> [WHAT YOU WILL DO] All of the data that follows is to be printed exactly, without pictures.

> [SUPPLIED MATERIAL]
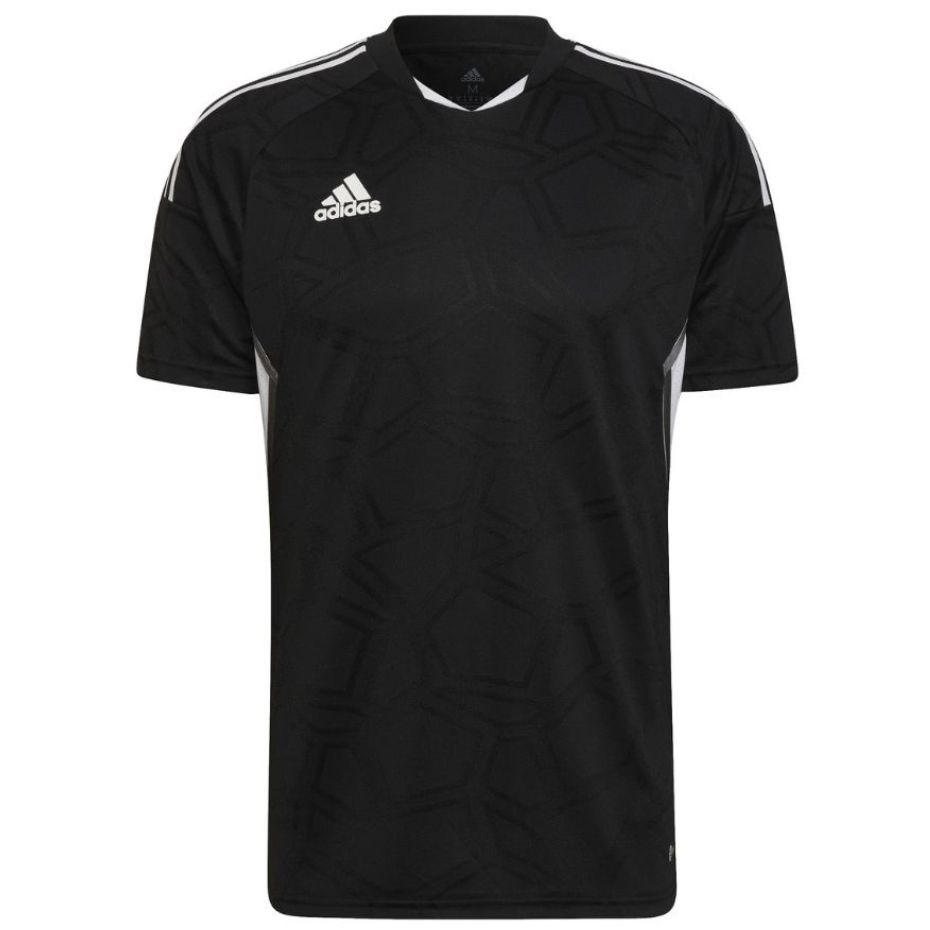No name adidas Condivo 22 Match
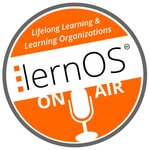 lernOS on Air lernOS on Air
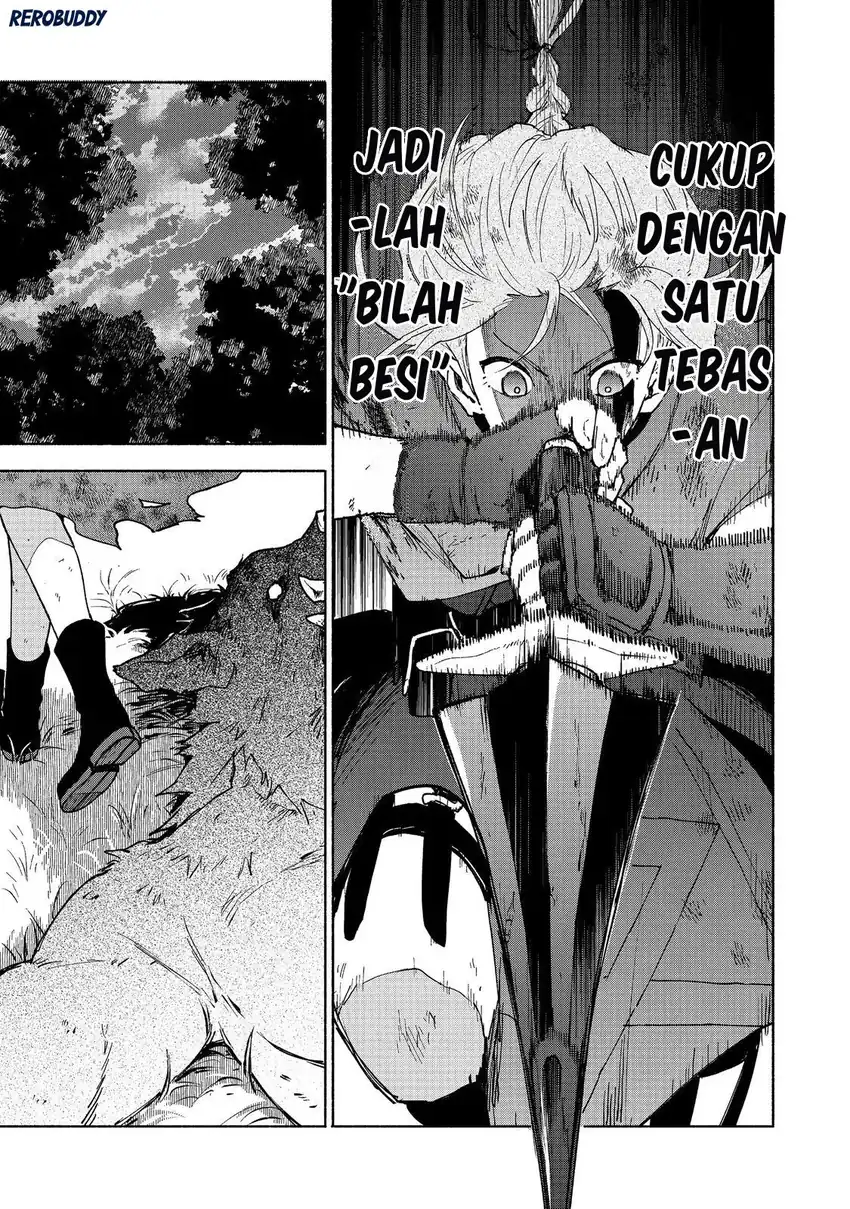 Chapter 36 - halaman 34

> [EXPECTED ANSWER]
No name adidas Condivo 22 Match
 lernOS on Air lernOS on Air
 Chapter 36 - halaman 34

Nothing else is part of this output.